I first arrived in Israel in January 1984. At the time there was a rule from the Interior Ministry that one could only remain in Israel 365 days on a tourist visa before one’s “aliyah rights” started to kick in.
For anyone even vaguely considering one day immigrating to Israel, having any of those rights lost or shortened was a big deal financially. They included the amount of time one could buy a car at a discounted rate, similar reductions on rent subsidies, special deals on tuition at university and more.
Since I was planning aliyah, but was in Israel during those years as a tourist, I carefully calculated exactly 364 days in the country and left on that day, only returning when I formally moved here. This represented a significant hardship at the time: I had to leave both my job and girlfriend (the story does have a happen ending: we eventually got married and made aliyah together).
So it was with some surprise when I read a report in Haaretz that a bill in the Knesset sponsored by Shas MK Avraham Michaeli would permit Jews to live in Israel indefinitely on a tourist visa without ever having to formally immigrate (or lose their rights if and when they did make aliyah).
Michaeli’s rationale is that most people, if they stay here long enough, will eventually settle down, vote, and pay taxes like the rest of us, and that forcing them to leave reduces the chances of a future aliyah.
Israeli immigration officials are highly critical, asking why some people should be permitted stay in the country without the burdens the rest of us have – like serving in the army.
The bill has some strong public supporters. Jewish Agency chairman Natan Sharansky supports it, citing birthright as an example and saying, “The more Jews spend time in Israel, the stronger is their Jewish identity and there’s also a bigger chance that they will make aliyah. If you want more aliyah, there should be more Jews.”
Taking the opposing view, a former emissary for the Jewish Agency, Akiva Werber, felt that 27 months (according to rules, revised since my days here in the early 1980s, the amount of time one can now stay in the country without becoming making aliyah or obtaining temporary resident status), was enough to make a decision whether “to share our mutual fate as citizens or not.”
As for me, while such a change in the law would have helped me, I too don’t want to be an after-the-fact freier (the classic Israeli epithet for “sucker”), even if everything worked out just fine.

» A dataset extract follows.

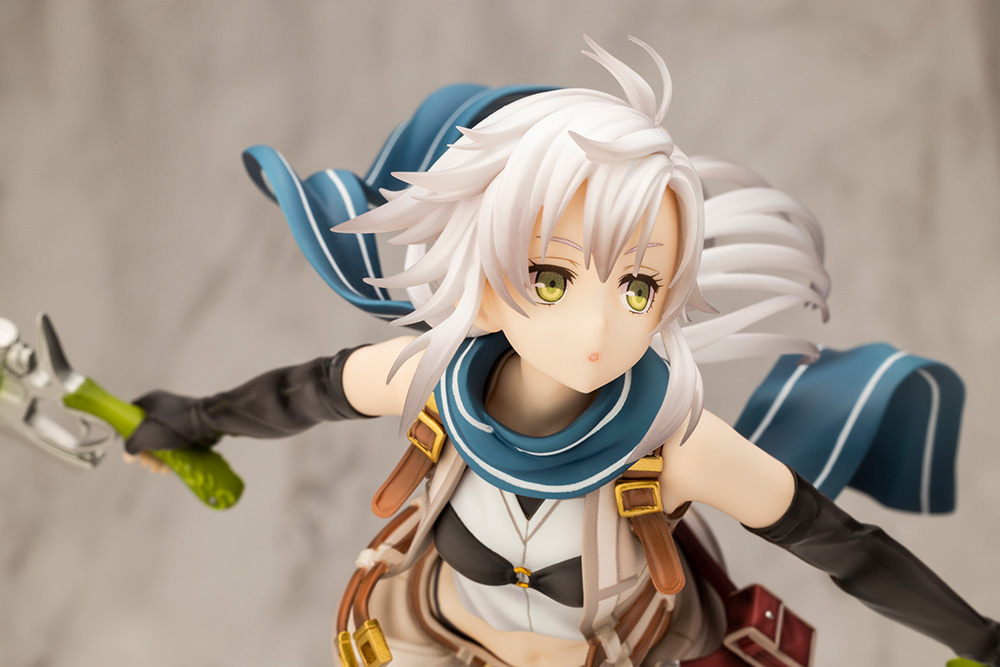 "The Legend of Heroes: Trails into Reverie" Fie Claussell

The bill is probably a tempest in a teacup and is unlikely to pass. After hearing objections, Michaeli instructed the ministries involved to decide “what makes sense from a professional point of view” and report back to him with proposed changes. He said he will consider those changes and then determine whether to amend the bill or continue to push it as is, according to Haaretz.
In any case, the Knesset session on the proposed change has been adjourned for the next two weeks.